Daß nur der Angeklagte Revision eingelegt hat, hindert die Nachholung der Unterbringungsanordnung nicht (§ 358 Abs. 2 Satz 2 StPO; vgl. BGHSt 37, 5). Der Beschwerdeführer hat die Nichtanwendung des § 64 StGB durch das Tatgericht auch nicht vom Rechtsmittelangriff ausgenommen (vgl. BGHSt 38, 362 f.). Anhaltspunkte dafür, daß keine hinreichend konkrete Aussicht besteht, den Angeklagten von seinem Hang zu heilen oder doch über eine gewisse Zeitspanne vor dem Rückfall in die Sucht zu bewahren (vgl. BVerfGE 91, 1, 29), sind angesichts der vom Landgericht festgestellten Einsicht des Beschwerdeführers in die Therapienotwendigkeit nicht ersichtlich.
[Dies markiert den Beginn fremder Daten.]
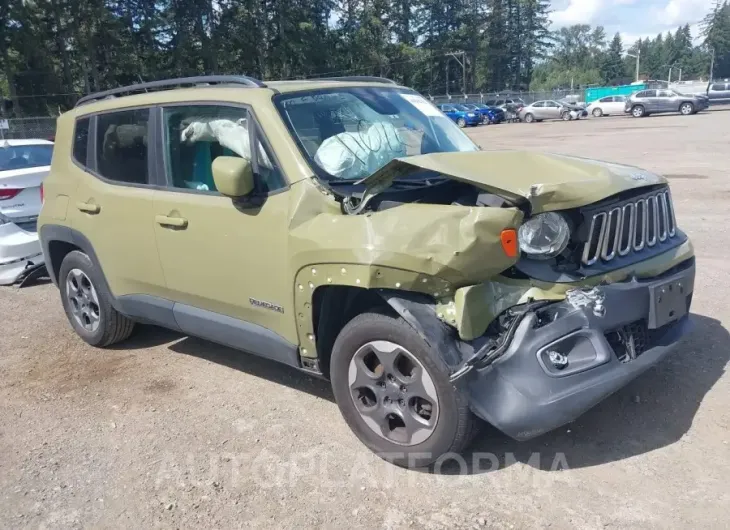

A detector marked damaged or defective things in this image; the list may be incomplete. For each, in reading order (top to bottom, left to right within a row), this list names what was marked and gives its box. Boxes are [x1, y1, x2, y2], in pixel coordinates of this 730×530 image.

crumpled hood [352, 150, 664, 211]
Da die Strafkammer die Notwendigkeit der an den Strafvollzug sich anschließenden Therapie bereits in ihre Strafzumessungserwägungen mit aufgenommen und darüber hinaus – was aus Rechtsgründen nicht erforderlich gewesen wäre – die Anordnung des Wertersatzverfalls strafmildernd berücksichtigt hat, kann ausgeschlossen werden, daß bei Anordnung der Unterbringung auf niedrigere Einzelstrafen oder eine geringere Gesamtfreiheitsstrafe erkannt worden wäre, weshalb der Strafausspruch bestehenbleiben kann.
Die Anordnung des Verfalls von Wertersatz kann nicht bestehenbleiben.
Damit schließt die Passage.